WORK TO BE COMPLETED: Your answer should be only the lines below from the one with "Station 343 Firehouse" to the one with "A room with a", repeated exactly, ends included.

----- LISTED ENTRIES

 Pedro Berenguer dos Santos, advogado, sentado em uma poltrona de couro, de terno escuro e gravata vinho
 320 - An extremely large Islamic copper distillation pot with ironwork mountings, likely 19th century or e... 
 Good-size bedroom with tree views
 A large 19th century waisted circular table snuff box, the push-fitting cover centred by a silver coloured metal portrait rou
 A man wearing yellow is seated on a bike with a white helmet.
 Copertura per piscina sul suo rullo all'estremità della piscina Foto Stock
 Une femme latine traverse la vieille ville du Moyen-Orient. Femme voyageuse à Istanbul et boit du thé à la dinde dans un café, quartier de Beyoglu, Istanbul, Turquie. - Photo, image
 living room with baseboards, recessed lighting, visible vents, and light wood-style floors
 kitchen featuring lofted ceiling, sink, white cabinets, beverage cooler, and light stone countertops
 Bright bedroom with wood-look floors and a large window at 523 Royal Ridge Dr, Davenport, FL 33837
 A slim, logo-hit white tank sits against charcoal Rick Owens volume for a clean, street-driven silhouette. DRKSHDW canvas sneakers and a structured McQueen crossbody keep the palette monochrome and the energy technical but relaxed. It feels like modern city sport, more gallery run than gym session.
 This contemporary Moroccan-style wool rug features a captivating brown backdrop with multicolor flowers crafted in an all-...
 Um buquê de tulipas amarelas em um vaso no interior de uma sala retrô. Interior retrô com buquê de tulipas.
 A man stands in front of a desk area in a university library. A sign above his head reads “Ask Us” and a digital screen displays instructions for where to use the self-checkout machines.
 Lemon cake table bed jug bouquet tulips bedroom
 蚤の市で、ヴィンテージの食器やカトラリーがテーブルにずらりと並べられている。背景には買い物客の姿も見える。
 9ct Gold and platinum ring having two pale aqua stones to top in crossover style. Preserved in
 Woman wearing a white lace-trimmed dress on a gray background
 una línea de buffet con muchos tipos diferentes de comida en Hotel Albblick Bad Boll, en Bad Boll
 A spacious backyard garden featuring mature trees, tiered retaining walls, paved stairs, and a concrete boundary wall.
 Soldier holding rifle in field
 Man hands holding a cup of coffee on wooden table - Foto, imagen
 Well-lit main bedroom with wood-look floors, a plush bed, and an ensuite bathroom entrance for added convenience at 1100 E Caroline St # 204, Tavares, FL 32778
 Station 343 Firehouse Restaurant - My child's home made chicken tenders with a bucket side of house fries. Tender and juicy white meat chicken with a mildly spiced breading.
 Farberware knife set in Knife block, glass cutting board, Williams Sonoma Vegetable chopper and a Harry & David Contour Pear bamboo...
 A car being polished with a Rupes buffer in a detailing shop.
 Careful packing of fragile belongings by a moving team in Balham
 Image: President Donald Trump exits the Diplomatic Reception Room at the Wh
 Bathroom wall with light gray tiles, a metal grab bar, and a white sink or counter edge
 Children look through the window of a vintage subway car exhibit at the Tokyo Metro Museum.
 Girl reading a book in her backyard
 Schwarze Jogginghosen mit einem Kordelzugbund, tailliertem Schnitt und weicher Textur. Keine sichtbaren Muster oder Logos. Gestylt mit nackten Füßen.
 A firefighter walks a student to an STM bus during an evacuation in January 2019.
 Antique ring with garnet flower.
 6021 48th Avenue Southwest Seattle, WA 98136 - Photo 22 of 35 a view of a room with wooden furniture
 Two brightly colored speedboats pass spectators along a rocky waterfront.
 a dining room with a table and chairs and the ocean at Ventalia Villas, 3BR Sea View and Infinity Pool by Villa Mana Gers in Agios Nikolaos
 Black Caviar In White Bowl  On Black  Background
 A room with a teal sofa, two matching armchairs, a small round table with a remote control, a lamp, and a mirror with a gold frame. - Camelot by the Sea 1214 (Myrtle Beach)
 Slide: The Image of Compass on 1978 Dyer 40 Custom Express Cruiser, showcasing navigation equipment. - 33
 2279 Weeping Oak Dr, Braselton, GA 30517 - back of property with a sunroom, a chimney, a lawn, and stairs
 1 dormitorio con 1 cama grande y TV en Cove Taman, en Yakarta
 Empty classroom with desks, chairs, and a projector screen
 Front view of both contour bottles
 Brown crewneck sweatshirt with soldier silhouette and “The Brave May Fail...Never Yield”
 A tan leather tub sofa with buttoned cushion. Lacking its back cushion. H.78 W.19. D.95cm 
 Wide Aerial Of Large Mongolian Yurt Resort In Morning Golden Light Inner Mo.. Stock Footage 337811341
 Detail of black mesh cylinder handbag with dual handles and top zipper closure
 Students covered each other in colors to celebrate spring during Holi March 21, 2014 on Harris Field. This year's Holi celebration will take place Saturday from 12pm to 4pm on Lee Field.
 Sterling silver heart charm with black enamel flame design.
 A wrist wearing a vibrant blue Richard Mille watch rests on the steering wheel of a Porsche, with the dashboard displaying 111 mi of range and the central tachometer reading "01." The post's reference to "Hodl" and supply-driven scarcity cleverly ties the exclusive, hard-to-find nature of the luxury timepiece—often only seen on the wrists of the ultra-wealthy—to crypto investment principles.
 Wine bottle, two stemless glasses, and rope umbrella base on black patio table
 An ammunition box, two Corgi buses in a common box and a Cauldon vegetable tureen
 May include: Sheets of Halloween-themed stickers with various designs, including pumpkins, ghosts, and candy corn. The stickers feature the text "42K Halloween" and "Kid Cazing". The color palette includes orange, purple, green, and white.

----------

EXERCISE SOLUTION:
 Station 343 Firehouse Restaurant - My child's home made chicken tenders with a bucket side of house fries. Tender and juicy white meat chicken with a mildly spiced breading.
 Farberware knife set in Knife block, glass cutting board, Williams Sonoma Vegetable chopper and a Harry & David Contour Pear bamboo...
 A car being polished with a Rupes buffer in a detailing shop.
 Careful packing of fragile belongings by a moving team in Balham
 Image: President Donald Trump exits the Diplomatic Reception Room at the Wh
 Bathroom wall with light gray tiles, a metal grab bar, and a white sink or counter edge
 Children look through the window of a vintage subway car exhibit at the Tokyo Metro Museum.
 Girl reading a book in her backyard
 Schwarze Jogginghosen mit einem Kordelzugbund, tailliertem Schnitt und weicher Textur. Keine sichtbaren Muster oder Logos. Gestylt mit nackten Füßen.
 A firefighter walks a student to an STM bus during an evacuation in January 2019.
 Antique ring with garnet flower.
 6021 48th Avenue Southwest Seattle, WA 98136 - Photo 22 of 35 a view of a room with wooden furniture
 Two brightly colored speedboats pass spectators along a rocky waterfront.
 a dining room with a table and chairs and the ocean at Ventalia Villas, 3BR Sea View and Infinity Pool by Villa Mana Gers in Agios Nikolaos
 Black Caviar In White Bowl  On Black  Background
 A room with a teal sofa, two matching armchairs, a small round table with a remote control, a lamp, and a mirror with a gold frame. - Camelot by the Sea 1214 (Myrtle Beach)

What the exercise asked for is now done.